Nine years ago, this commentary was published following the violent reactions of religious extremists to the publication of a Danish cartoon. So we don’t have to wonder what the late Christopher Hitchens would have to say about today’s massacre at the French newspaper Charlie Hebdo. It’s worth another read, and sadly just as relevant now as it was then.
“Therefore there is a strong case for saying that the Danish newspaper Jyllands-Posten, and those who have reprinted its efforts out of solidarity, are affirming the right to criticize not merely Islam but religion in general. And the Bush administration has no business at all expressing an opinion on that. If it is to say anything, it is constitutionally obliged to uphold the right and no more.
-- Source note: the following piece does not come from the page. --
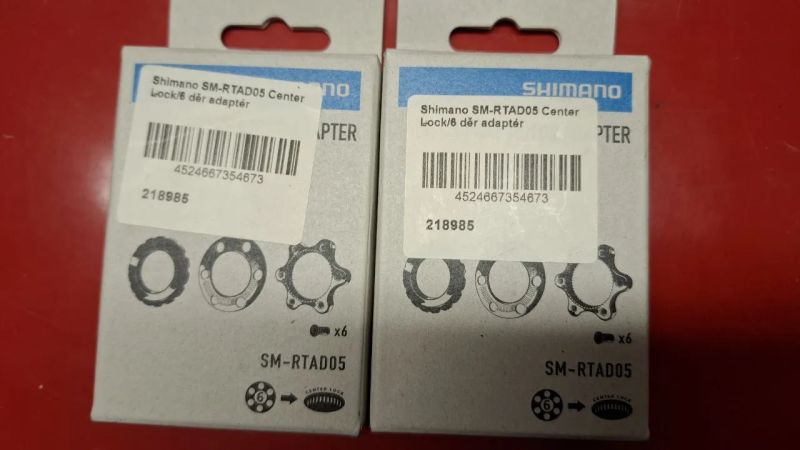Shimano SM-RTAD05 Center Lock/6 děr adaptér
You can be sure that the relevant European newspapers have also printed their share of cartoons making fun of nuns and popes and messianic Israeli settlers, and taunting child-raping priests. There was a time when this would not have been possible. But those taboos have been broken.
Which is what taboos are for. Islam makes very large claims for itself. In its art, there is a prejudice against representing the human form at all. The prohibition on picturing the prophet—who was only another male mammal—is apparently absolute. So is the prohibition on pork or alcohol or, in some Muslim societies, music or dancing. Very well then, let a good Muslim abstain rigorously from all these. But if he claims the right to make me abstain as well, he offers the clearest possible warning and proof of an aggressive intent. This current uneasy coexistence is only an interlude, he seems to say. For the moment, all I can do is claim to possess absolute truth and demand absolute immunity from criticism. But in the future, you will do what I say and you will do it on pain of death.
I refuse to be spoken to in that tone of voice, which as it happens I chance to find “offensive.” (By the way, hasn’t the word “offensive” become really offensive lately?) The innate human revulsion against desecration is much older than any monotheism: Its most powerful expression is in the Antigone of Sophocles. It belongs to civilization. I am not asking for the right to slaughter a pig in a synagogue or mosque or to relieve myself on a “holy” book. But I will not be told I can’t eat pork, and I will not respect those who burn books on a regular basis. I, too, have strong convictions and beliefs and value the Enlightenment above any priesthood or any sacred fetish-object. It is revolting to me to breathe the same air as wafts from the exhalations of the madrasahs, or the reeking fumes of the suicide-murderers, or the sermons of Billy Graham and Joseph Ratzinger. But these same principles of mine also prevent me from wreaking random violence on the nearest church, or kidnapping a Muslim at random and holding him hostage, or violating diplomatic immunity by attacking the embassy or the envoys of even the most despotic Islamic state, or making a moronic spectacle of myself threatening blood and fire to faraway individuals who may have hurt my feelings. The babyish rumor-fueled tantrums that erupt all the time, especially in the Islamic world, show yet again that faith belongs to the spoiled and selfish childhood of our species.”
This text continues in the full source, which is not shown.